* **YOUR ASSIGNMENT**:
A single stretch of the material below is to be transcribed exactly, starting at the line with "2019 Dodge Grand" and ending after the line with "PA license plate KCS4716".

· · ·

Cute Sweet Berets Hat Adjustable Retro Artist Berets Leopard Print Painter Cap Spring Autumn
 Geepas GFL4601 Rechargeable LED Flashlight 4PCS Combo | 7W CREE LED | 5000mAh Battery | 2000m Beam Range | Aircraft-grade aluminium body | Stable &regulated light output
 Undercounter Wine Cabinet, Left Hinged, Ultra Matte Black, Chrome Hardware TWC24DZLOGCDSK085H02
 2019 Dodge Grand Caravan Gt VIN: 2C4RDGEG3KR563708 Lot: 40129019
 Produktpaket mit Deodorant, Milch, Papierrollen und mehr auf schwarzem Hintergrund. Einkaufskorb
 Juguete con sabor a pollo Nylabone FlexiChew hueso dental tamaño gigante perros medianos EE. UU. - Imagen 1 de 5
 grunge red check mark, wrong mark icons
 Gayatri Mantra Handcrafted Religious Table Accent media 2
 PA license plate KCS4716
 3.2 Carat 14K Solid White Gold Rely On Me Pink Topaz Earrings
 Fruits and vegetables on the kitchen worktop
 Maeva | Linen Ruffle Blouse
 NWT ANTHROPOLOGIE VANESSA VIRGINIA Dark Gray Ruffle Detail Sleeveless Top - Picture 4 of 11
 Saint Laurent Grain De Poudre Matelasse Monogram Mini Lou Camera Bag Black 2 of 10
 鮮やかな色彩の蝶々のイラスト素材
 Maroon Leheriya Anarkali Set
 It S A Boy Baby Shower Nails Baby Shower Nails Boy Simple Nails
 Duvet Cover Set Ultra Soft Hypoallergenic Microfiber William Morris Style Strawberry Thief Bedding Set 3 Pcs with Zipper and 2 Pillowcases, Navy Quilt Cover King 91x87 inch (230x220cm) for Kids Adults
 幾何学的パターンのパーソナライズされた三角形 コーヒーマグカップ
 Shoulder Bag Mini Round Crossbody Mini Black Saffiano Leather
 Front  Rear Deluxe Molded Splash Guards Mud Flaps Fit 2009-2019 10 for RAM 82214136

· · ·

* **ANSWER FOR THE TASK**:
 2019 Dodge Grand Caravan Gt VIN: 2C4RDGEG3KR563708 Lot: 40129019
 Produktpaket mit Deodorant, Milch, Papierrollen und mehr auf schwarzem Hintergrund. Einkaufskorb
 Juguete con sabor a pollo Nylabone FlexiChew hueso dental tamaño gigante perros medianos EE. UU. - Imagen 1 de 5
 grunge red check mark, wrong mark icons
 Gayatri Mantra Handcrafted Religious Table Accent media 2
 PA license plate KCS4716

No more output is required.